Entre nostalgie et réalité

Deux films à l’approche différente abordent pourtant le même thème. Celui de la réalisatrice Zeina Sfeir qui croque le visage de Beyrouth à travers le profil de son père, coiffeur de profession, ainsi que l’œuvre expérimentale de Roy Badran qui évoque à sa manière la nostalgie d’un temps passé.

Zeina Sfeir, une réalisatrice qui filme le réel.

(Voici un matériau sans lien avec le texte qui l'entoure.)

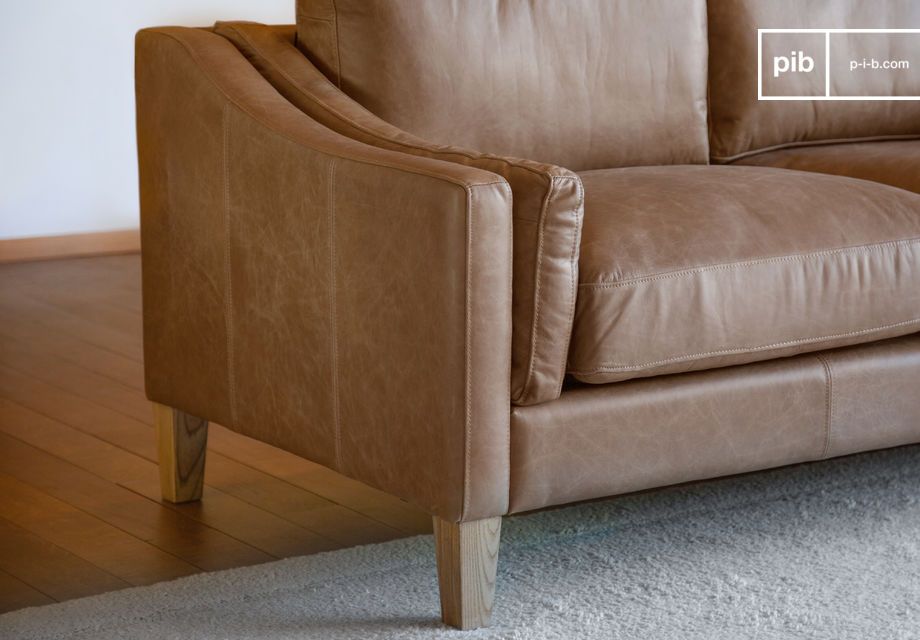 Kombiniert mit einem Teppich in einem Wohnzimmer, wird dieses Sofa die anspruchsvollsten Gäste begeistern.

Zeina Sfeir présente, dans le cadre de « Scrapbook », son film « Beirut 3al Mouss » ou « All about my father ». Un documentaire qui enrichit le travail de cette cinéaste bien ancrée dans la vie réelle.
« Beirut 3al mouss » : Parlez-nous un peu du film et du choix du titre.
Beirut 3al Mouss est un film qui rend hommage à mon père, un des meilleurs coiffeurs de sa génération ayant travaillé dans les plus grands hôtels de Beyrouth. À travers cette histoire, je fais un clin d’œil également à l’histoire de Beyrouth avant et durant la guerre. Pour cela, ce film porte le titre Beirut 3al mouss, un titre qui a été choisi par Edmond Haddad, un grand ami auquel je suis infiniment reconnaissante. Il a réussi à créer un jeu de miroirs où l’histoire de mon père reflète celle de Beyrouth.

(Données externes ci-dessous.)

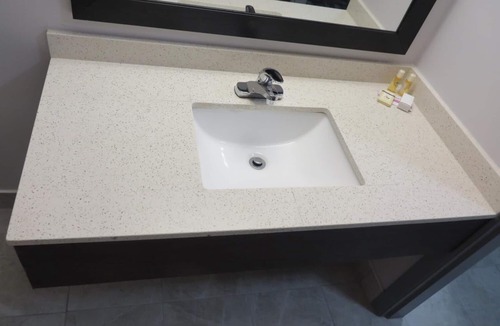 Rosetown Hotel | Travelodge by Wyndham Rosetown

Pourquoi votre père ? Et comment avez-vous pu, à travers une personne – qui a été dans l’ombre durant toutes ces années –, retracer l’histoire de Beyrouth ?
Bien qu’il ne fût pas célèbre, mon père était un homme qui a réussi à se tailler une place au soleil. C’est pourquoi, admirative de son parcours, j’ai voulu lui dédier ce film. D’autre part, papa est un personnage en soi, un narrateur qui a côtoyé, durant sa vie professionnelle, toutes les grandes figures de la politique libanaises arabes et c’est a partir de son vécu que je retrace l’histoire de Beyrouth.

Quid du tournage et des difficultés à filmer votre père ?
Comme mon père ne pouvait pas supporter une ambiance d’équipe, je me suis servie de ma petite caméra et de mon micro cravate (offert par mon frère) pour filmer. Le tournage s’est étalé sur une période de cinq ans où nous étions souvent en tête à tête. J’avoue que c’était parfois fatiguant parce qu’il ne pouvait pas supporter plus de deux heures de tournage par jour. Certains moments spontanés et improvisés ont été bien exploités grâce à Karine Doumit, ma monteuse, qui a su créer une ambiance et donner un rythme spécifique au film.

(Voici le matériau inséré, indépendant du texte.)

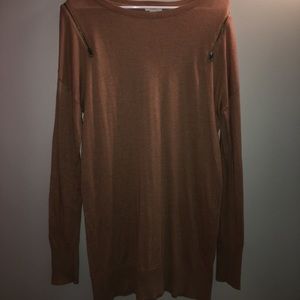 BROWN TUNIC / LIGHTLY WORN / $25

Quels sont vos choix de plans et de cadrage ? Et qu’en est il de l’espace ?
J’ai choisi mes plans et mes cadrages en fonction de ma perception de mon « home » depuis mon enfance. En contre-plongée et à travers les portes. Et comme je suis une personne qui voue un attachement aux lieux, j’ai tourné le film dans mon appartement, dans l’espace de mon père qui ne sort plus depuis quelques années.

Que représente la fin du film pour vous ?
Une fin qui nous ramène au début du film, mais avec beaucoup plus de désespoir puisqu’ elle évoque la fin du travail de mon père et de sa vie professionnelle. J’ai réalisé dix documentaires, mais c’est la première fois que je ressens une certaine angoisse.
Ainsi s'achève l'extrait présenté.